Public Design Support intends to intervene in these urban processes by testing and deploying an alternative design practice. Design can contribute to generating autonomous living conditions and counteracting the powerlessness and dependence people often experience within exclusionary urban development policies. Yet most residents of working-class neighborhoods and others affected by gentrification would typically be unable to afford design, not to mention even think about laying claim to its agency. As a clearly partisan practice, we work with those who are not only excluded from urban development but also from design itself.1 We advocate for the “Right to Design,” which regards design as a fundamental human act and undisciplinary practice by which people can improve their material conditions and social wellbeing, and represent their claims as citizens.2

We have realized about a hundred design projects in St. Pauli and beyond.3 The design consultancy has worked for a pub in trouble, solved a single mother’s storage space problem, co-developed a semi-public dye garden, dramatized a demonstration by refugees, redesigned a drug counseling center, erected a memorial for relatives of concentration camp prisoners, supported rent protests, designed a cozy tutoring room, installed a loft bed with a cat tree, helped move a non-profit counseling center for refugees, renovated a broken trailer, stretched a tent across an apple meadow, laid bricks for a group barbecue, transformed an undemocratic classroom, and more.

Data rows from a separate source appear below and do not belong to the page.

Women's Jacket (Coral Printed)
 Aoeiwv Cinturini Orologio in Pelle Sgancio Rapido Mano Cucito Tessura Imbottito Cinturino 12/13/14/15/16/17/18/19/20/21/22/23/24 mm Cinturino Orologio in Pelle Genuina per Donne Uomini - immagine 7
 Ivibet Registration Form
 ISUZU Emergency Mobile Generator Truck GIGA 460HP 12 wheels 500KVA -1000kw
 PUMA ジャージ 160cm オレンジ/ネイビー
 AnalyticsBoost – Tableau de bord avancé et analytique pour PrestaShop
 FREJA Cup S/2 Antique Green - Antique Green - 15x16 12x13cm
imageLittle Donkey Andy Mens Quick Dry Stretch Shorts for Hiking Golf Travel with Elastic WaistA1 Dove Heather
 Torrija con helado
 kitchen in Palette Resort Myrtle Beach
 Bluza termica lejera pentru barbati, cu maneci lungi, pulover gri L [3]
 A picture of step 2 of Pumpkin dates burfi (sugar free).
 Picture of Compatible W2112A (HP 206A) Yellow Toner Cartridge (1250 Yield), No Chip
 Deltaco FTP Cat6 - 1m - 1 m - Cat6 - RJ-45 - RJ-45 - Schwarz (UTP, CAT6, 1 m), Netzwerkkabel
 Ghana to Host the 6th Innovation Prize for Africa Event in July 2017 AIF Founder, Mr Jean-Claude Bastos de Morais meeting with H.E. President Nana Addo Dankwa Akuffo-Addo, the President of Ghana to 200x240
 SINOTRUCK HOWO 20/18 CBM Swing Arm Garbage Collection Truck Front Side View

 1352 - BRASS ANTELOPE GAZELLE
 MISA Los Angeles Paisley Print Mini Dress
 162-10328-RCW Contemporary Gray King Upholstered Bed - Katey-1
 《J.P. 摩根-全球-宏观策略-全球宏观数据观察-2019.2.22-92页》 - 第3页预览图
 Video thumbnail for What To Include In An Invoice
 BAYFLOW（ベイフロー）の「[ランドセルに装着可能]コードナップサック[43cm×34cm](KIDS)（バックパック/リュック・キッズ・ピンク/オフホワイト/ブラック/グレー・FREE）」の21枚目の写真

Many of these projects ended up either unfinished or not meeting expectations. Some have ended in frustration and exhaustion, while a few others in friendship and fun. But while Public Design Support worked as a pedagogical experiment in an academic context, when viewed as an alternative model to design practice, we by and large failed. The shortcomings of Public Design Support (in terms of its aspirations) become particularly visible when it is classified in the wider category of “Social Design.” It is hard to say if any projects achieved any substantial social benefit, or if they only smooth the experience of poverty, exclusion, and exhaustion. But what they do, I would argue, is problematize our conceptual understanding of the social and the way it grounds design practice.

The Desire for Community

While embraced by many well-intended designers, planners, (social) workers, artists, and activists, the term “Social Design” is not only problematically underdefined, but also misleading. It is misleading because it implies that there is such a thing as “non-social” design, and thus fails to recognize and even obscures an essential character of design: that it is always socially integrated and operative. While there is design that disavows the social, or has detrimental effects on it, if it is not social, it is not design. Societal effect and its situatedness in social structures are design’s inescapable foundations. As opposed to the term “social design,” then, “socially-engaged design” focuses not so much on the fact of design’s social character, but rather its active, critical, and political engagement with the social’s potential.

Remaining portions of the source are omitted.